The Rockies are looking for a “front-of-rotation-type pitcher,” per Jeff Passan of Yahoo Sports. He notes that the club is also in on free agent slugger Mark Trumbo.
Starting pitching has not been the Rockies’ strong suit in recent years. The club had baseball’s fifth-worst rotation ERA in baseball this past season at 4.79. It’s tough to entice big-name free agent pitchers to pitch given how their stats are adversely affected by the hitter-friendly nature of Coors Field. Trading would be one way around that.
Though Chris Sale is off the board, the Rockies could still try to pry Chris Archer from the Rays or Jose Quintana from the White Sox.
As presently constructed, the Rockies’ rotation includes Chad Bettis, Tyler Chatwood, Jon Gray, Tyler Anderson, and German Marquez.

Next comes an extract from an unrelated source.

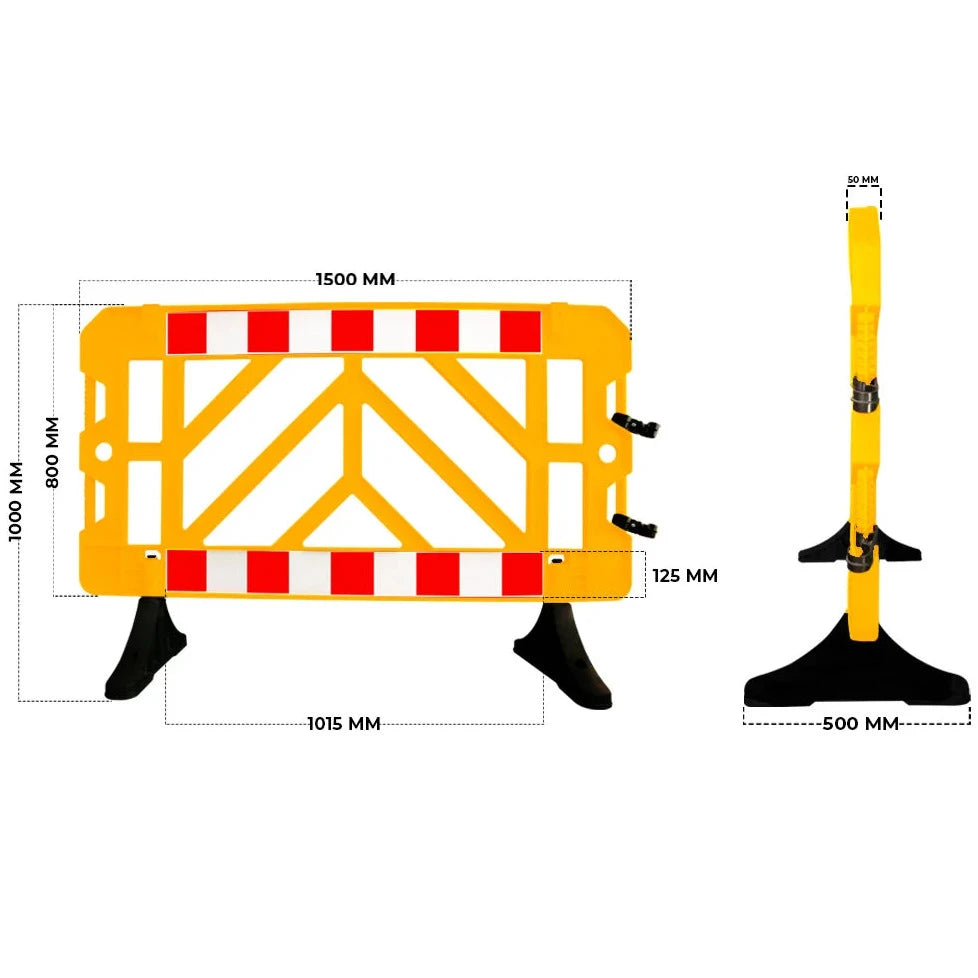Yellow plastic safety barricades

SB Nation’s Chris Cotillo passes along an interesting piece of information. New Yankees OF/DH Matt Holliday has a no-trade clause in his contract that allows him to block a trade to exactly one team: the Athletics.
Holliday was briefly a member of the A’s back in 2009. He had a decent two months in Oakland, so it isn’t as if he feels he couldn’t produce there. However, the A’s do play their home games at Oakland Alameda Coliseum, which is the fifth-oldest stadium in baseball, having opened in 1966. You may recall that the Coliseum has had some issues recently. Three years ago, the coaches’ bathroom overflowed with sewage and sewage also came out of faucets. Earlier this year, there were more plumbing issues as the Yankees’ clubhouse toilet was backed up and water overflowed into the dugout. It’s understandable why Holliday might not want to play half his games there.